Ora, la corte statunitense ha evidenziato come il dipartimento marketing di Usenet abbia raccolto un grande bacino di amanti del P2P convincendoli che il servizio fosse una “sicura alternativa ai programmi di file sharing nel frattempo in corso di chiusura”. “Il sito ha anche delle pagine dedicate a popolari artisti del disco – osserva il giudice – promuovendo espressamente la disponibilità di musica gratuita per il download in formato MP3”.
“Siamo soddisfatti – ha dichiarato un portavoce di RIAA in un breve comunicato – del fatto che la corte abbia compreso non solo che Usenet.com ha violato direttamente il copyright delle aziende discografiche, ma che ha anche assunto un comportamento offensivo durante il dibattimento”. Usenet era inoltre stato accusato, infatti, di aver distrutto le prove delle malefatte elettroniche da alcuni hard disk, addirittura mandando in Europa i suoi dipendenti più coinvolti per evitare che parlassero troppo. E qui la storia si infittisce, tingendosi di mistero.

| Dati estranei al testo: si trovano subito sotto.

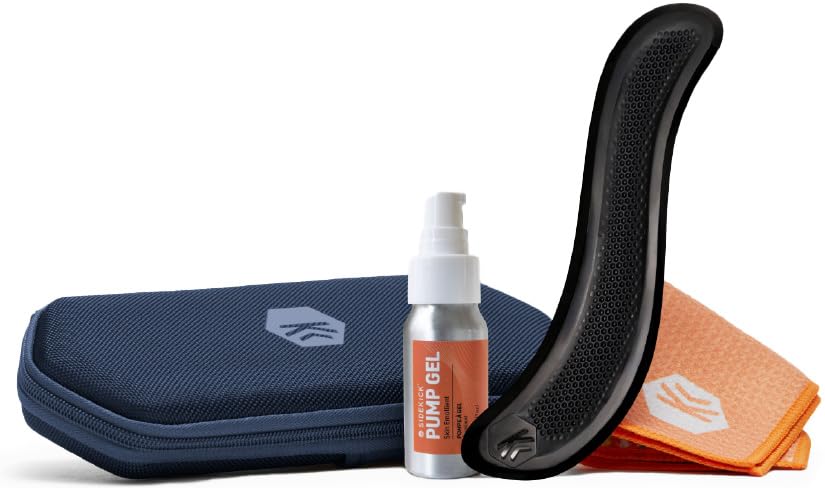 SIDEKICK Echo Muscle Scraper - Steel Gua Sha Tool - w/Patented Anti-Fatigue Grip Stainless Steel - Full Kit Included Designed for IASTM to Relieve Neck Shoulder Back and Muscle Pain (Carbon Black)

Nell’ottobre 2008 gli avvocati di Usenet hanno ammesso di essere “in possesso di sette drive appartenuti ai dipendenti”, ma quattro di questi sono stati svuotati completamente. Sono state date molte giustificazioni del fatto, tra cui quella riguardante un aggiornamento per Windows Vista all’inizio dello scorso anno. Il giudice di New York, tuttavia, non si è dimostrato molto convinto: i dischi sarebbero stati svuotati con l’ausilio di software dedicati alla distruzione completa dei dati.
Ciò non bastasse, Usenet ha visto allontanarsi sotto gli occhi il safe harbor previsto dal DMCA. Una protezione legale garantita fintantoché la società oggetto della causa si fosse mostrata un mero ospite di contenuti caricati dagli utenti, pronto a rimuovere il materiale incriminato. Il fornitore d’accesso ha provato a convincere la corte di non avere una responsabilità diretta sulle attività di uploading e dowloading degli utenti, pur avendo dichiarato, nel tentativo di difendersi, di aver messo in campo sistemi di filtering e controlli preventivi volti a bloccare pornografia e contenuti condivisi senza autorizzazione da parte dei detentori dei diritti. Il giudice Bear, invece, ha considerato contraddittorio questo atteggiamento: Usenet, con la selezione del materiale degli utenti, non sarebbe un semplice ospite, ma si assumerebbe la responsabilità di quanto messo a disposizione.
Non si conosce ancora bene il destino del fornitore di accesso ai newsgroup. Il giudice non si è ancora pronunciato a proposito delle sanzioni possibili, ma ci si aspettano multe milionarie. Secondi round a parte, sarà dura per Usenet rimontare una rete pesantissima.